High-Bandwidth Digital Content Protection (HDCP) is a copy protection technology designed to prevent transmission of illegal High Definition content. You will need an HDCP capable monitor/video card in order to watch 1980x1080 high-definition HD-DVD/Blu-ray media.
What are the requirements for watching Hi-Definition content?
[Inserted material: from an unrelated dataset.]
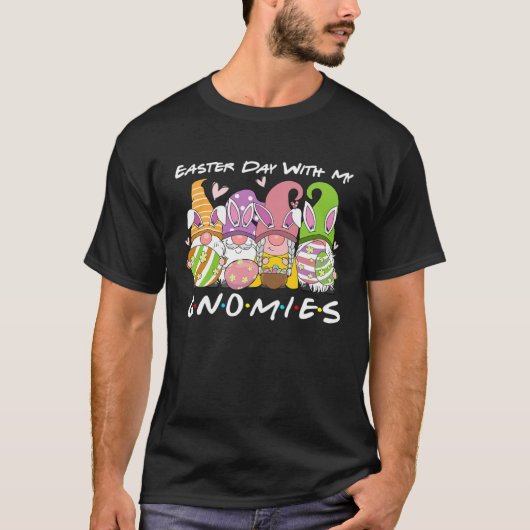 Easter Day With My Gnomies Happy Gnomes Easter Day T-shirt (Voorkant)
- "HDCP Enabled" graphics card
- Monitor supporting HDCP
- Blu-ray/HD-DVD drive and media
- Software Player that supports HDCP content
- DVI/HDMI monitor connection
Glossary
As you read about HD DVD and Blu-ray movie playback on PCs, you'll come across many acronyms describing new technologies and standards. We've provided a glossary of some of the most common terms.
AACS
The Advanced Access Content System (AACS) is a copy protection standard use with HD DVD and Blu-ray discs delivering movie content.
Blu-ray Disc
Blu-ray is a new high-definition video disc standard that offers up to six times the visual detail of traditional DVDs. Blu-ray discs can hold up to 25GB on a single-layer disc and 50GB on a dual-layer disc. This extra capacity combined with the use of advanced video and audio codecs offers consumers an amazing HD experience.
DVI
Digital Visual Interface (DVI) is a video interface standard designed to maximize the visual quality of digital display devices such as flat panel LCD computer displays and digital projectors.
H.264
H.264, also known as MPEG-4 AVC (Advanced Video Coding), is a video compression standard that offers significantly greater compression than its predecessors. It is one of the 3 CODECs that can be used by the Hollywood studios when authoring Blu-ray and HD DVD movies.
HDCP
High-Bandwidth Digital Content Protection (HDCP) is a form of copy protection technology designed to prevent transmission of non-encrypted high-definition content as it travels across DVI or HDMI digital connections.
HD DVD
HD DVD is a new high definition video disc standard that delivers up to six times the image quality of standard DVD movies. HD DVD promises a major advancement over video discs in the same way that HDTVs deliver superior image detail over standard TV.
HDMI
High Definition Multimedia Interface (HDMI) is a new interface standard for consumer electronics devices that combines HDCP-protected digital video and audio into a single, consumer-friendly connector.
ICT
Image constraint token (ICT) is a software-based flag within Advanced Access Copy System (AACS) copy protection that would automatically reduce the quality of the image produced by a high-definition video disc player to 540 lines of vertical resolution, when the player is connected to an analog display.
VC-1
VC-1 is a video codec based on Windows Media Video Version 9. Both HD DVD and Blu-ray Disc have adopted
VC-1 as a codec, meaning all video playback devices will be capable of decoding and playing video-content compressed using VC-1. VC-1 minimizes the complexity of decoding high-definition content through improved intermediate stage processing and more robust transforms. As a result, VC-1 decodes HD video twice as fast as H.264, while offering two to three times better compression than MPEG-2.